ON_NurbsSurface* m_pSurf; // is a member variable
ON_Plane p; // defined elsewhere
ON_ClassArray<ON_SSX_EVENT> srfXPlane;
int n = m_pSurf->IntersectPlane(p.plane_equation, srfXPlane);
	
for (int i = 0; i < n; ++i)
{
	ON_SSX_EVENT ev = srfXPlane[i]; 
	if (ev->IsCurveEvent())
	{
		ON_Curve* crv = ev->m_curve3d;
		// do stuff with curve
	}		
}			
// when this goes out of scope I get an exception.

Then, on a hunch, I modified it to:

ON_ClassArray<ON_SSX_EVENT> srfXPlane;
int n = m_pSurf->IntersectPlane(p.plane_equation, srfXPlane);
	
for (int i = 0; i < n; ++i)
{
	ON_SSX_EVENT* ev = srfXPlane.At(i); // don't use [i] indexing operator, this will incur a double free error
	if (ev->IsCurveEvent())
	{
		ON_Curve* crv = ev->m_curve3d;
                // do stuff with curve
	}		
}		

Using the At(index) function (which returns a pointer instead of a copy) the exception went away.

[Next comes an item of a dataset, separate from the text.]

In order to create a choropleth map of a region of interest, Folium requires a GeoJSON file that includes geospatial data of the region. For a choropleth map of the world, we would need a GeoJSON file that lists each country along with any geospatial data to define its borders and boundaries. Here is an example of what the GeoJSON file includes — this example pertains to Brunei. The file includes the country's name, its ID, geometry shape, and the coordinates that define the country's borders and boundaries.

Can you confirm that this is the case?
What is the difference between ON_ClassArray and ON_SimpleArray?


(Andrew le Bihan) #2

The problem is that ON_SSX_EVENT does not properly implement copying. You can see this from the class definition. There is no operator=, no copy constructor - and there are pointer members that are deleted in the destructor.

So the problem is not with ON_ClassArray - it is that you are copying the ON_SSX_EVENT object.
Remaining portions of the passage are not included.